I’ve decided to try again. I’ve tried to cook in the past, but I always struggled. I missed an ingredient at the store. It didn’t turn out right. I got frustrated.
I’m so easy to please that cooking seemed such a waste of time. I’m just as fond of a canister of Pringles as I am homemade pasta. In fact, I’d prefer Pringles. Besides, Pringles are only $2. Dinner for $2. You can’t beat that!
But I have to be able to cook something…anything. I polled a bunch of my guy friends and they all seem to agree that as long as I can cook one meal well, I’m golden. After that, I can eat out as much as I want.

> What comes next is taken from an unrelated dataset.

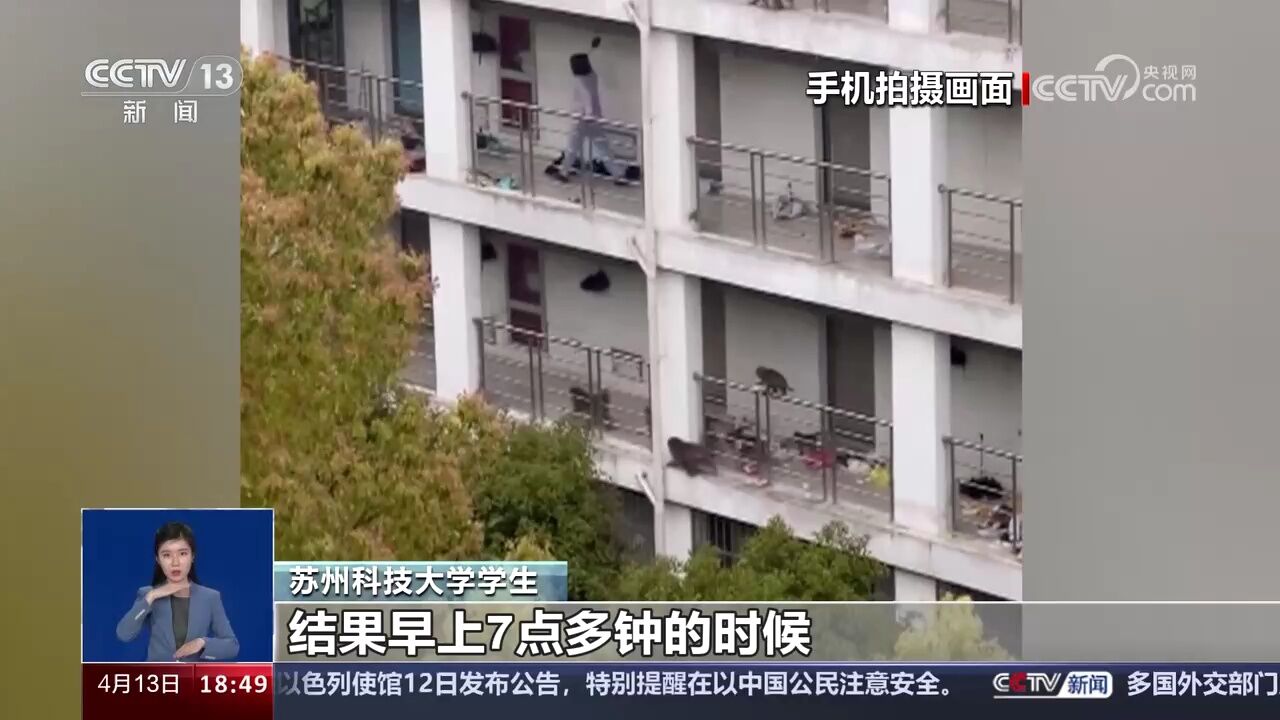 江苏苏州 猴群闯入高校宿舍区 学生称其是“常客”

The consensus on which meal to learn centered around breakfast: good old-fashioned bacon and eggs. A guy wakes up to the smell of bacon. Next day, he’s shopping for an engagement ring. Perfect. I didn’t even need the diamond incentive; I love bacon and eggs. This is something I could cook on my own every day if only I knew how.
Small roadblock: I don’t have any cookware. Whatever I previously owned, I ditched throughout my moves because I realized I never had any use for them. “Should I buy a pot?” I asked my friends.
“A pot? You need a frying pan!”
A frying pan is on its way thanks to Macys.com. I ordered the Cuisinart non-stick pan along with three ultra-soft Calvin Klein towels. A splurge at $30 each. A present to myself from my bonus money. I used the towels at my friend Cristina’s house and fell in love. They are the softest towels ever. To balance out the towel splurge, I went cheapie on the pan. It’s non-stick, but it’s not stainless. Puhleeze. $25 compared to $69 for extra shiny stainless steel. I’d rather buy another towel.
Now that I’ve been talking about how I want to learn how to cook, people are taking me under their wing. I helped my friend Marc with breakfast this past weekend. Patsy’s going to teach me how to make dinner. And everyone else is telling me their moron-proof concoctions. “This is the easiest recipe. You can’t go wrong. It’s so good, too. Start by sautéing the chicken.”
Umm, can we back up for the cooking-challenged ditz who spent her adult years eating cereal for dinner? What kind of chicken? How do I know what to buy at the store? I’ve never shopped for meat before.
Last Saturday, I helped Marc with brunch at his place. By the time I got there, he had cranberry scones ready to come out of the oven. I put the second batch of them in. I watched him lay the bacon out on his griddle. Then I helped a little with the frittata. That’s a little bit out of my scope. I’m like the girl with an extra chromosome signing up for AP classes. But bacon, I definitely can do that.
Baby cooking steps. I’m going to make bacon for myself this weekend. Next up: eggs.